2815. Max Pair Sum in an Array

You are given an integer array nums. You have to find the maximum sum of a pair of numbers from nums such that the largest digit in both numbers is equal.
For example, 2373 is made up of three distinct digits: 2, 3, and 7, where 7 is the largest among them.
Return the maximum sum or -1 if no such pair exists.

Example 1

Input: nums = [112,131,411]

Output: -1

Explanation:

Each numbers largest digit in order is [2,3,4].

Example 2

Input: nums = [2536,1613,3366,162]

Output: 5902

Explanation:

All the numbers have 6 as their largest digit, so the answer is 2536 + 3366 = 5902.

Example 3

Input: nums = [51,71,17,24,42]

Output: 88

Explanation:

Each number's largest digit in order is [5,7,7,4,4].

So we have only two possible pairs, 71 + 17 = 88 and 24 + 42 = 66.

Method 1

【O(n * k) time | O(1) space】

package Leetcode.HashTable;

import java.util.HashMap;
import java.util.Map;

/**
 * @Author zhengxingxing
 * @Date 2025/07/27
 */
public class MaxPairSumInAnArray {

    public static int maxSum(int[] nums) {
        // This map stores, for each possible max digit (0~9), the largest number seen so far with that digit.
        Map<Integer, Integer> maxNumForDigit = new HashMap<>();
        int result  = -1; // Initialize result as -1, which will be returned if no valid pair is found.

        for (int num : nums){
            int maxDigit = getMaxDigit(num); // Find the largest digit in the current number.
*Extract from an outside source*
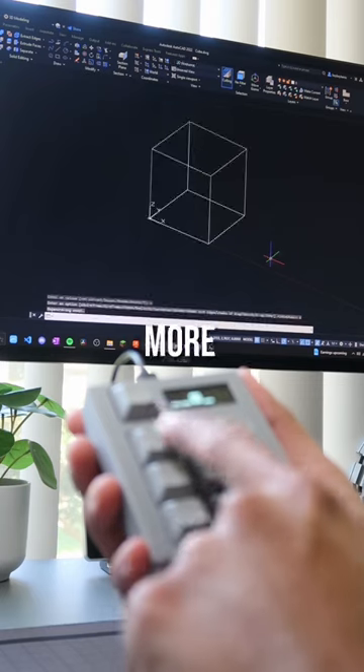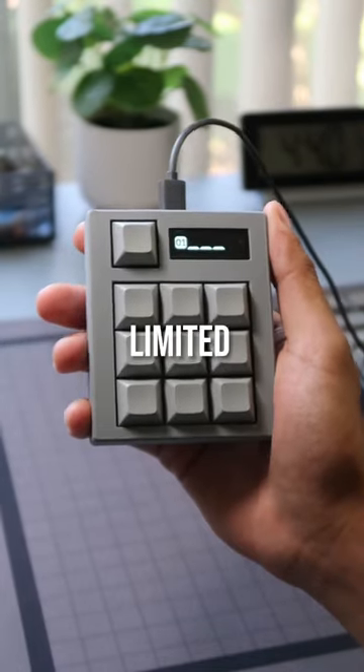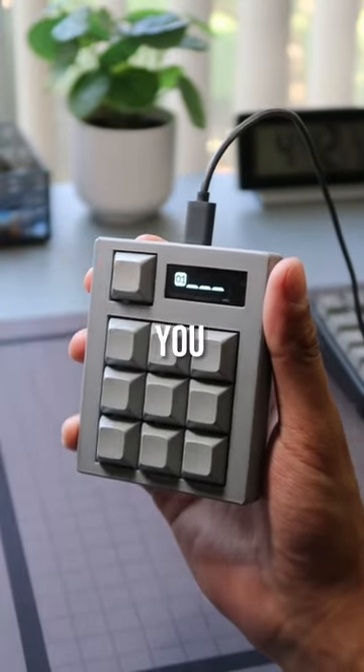I also program these buttons to run more complex commands like this in AutoCAD. To make things even better, you're not just limited to these 9 keys. If I press this button, I can switch between 4 layers which gives you up to 36 shortcuts you can program.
            // --- Key logic with detailed comments ---
            if (maxNumForDigit.containsKey(maxDigit)){
                // If there is already a number in the map with the same max digit,
                // it means we have found at least one previous number that can form a valid pair with the current number.
                int pairSum = num + maxNumForDigit.get(maxDigit); // Calculate the sum of the current number and the previous max number with the same max digit.
                result = Math.max(result, pairSum); // Update the result if this pairSum is greater than the current result.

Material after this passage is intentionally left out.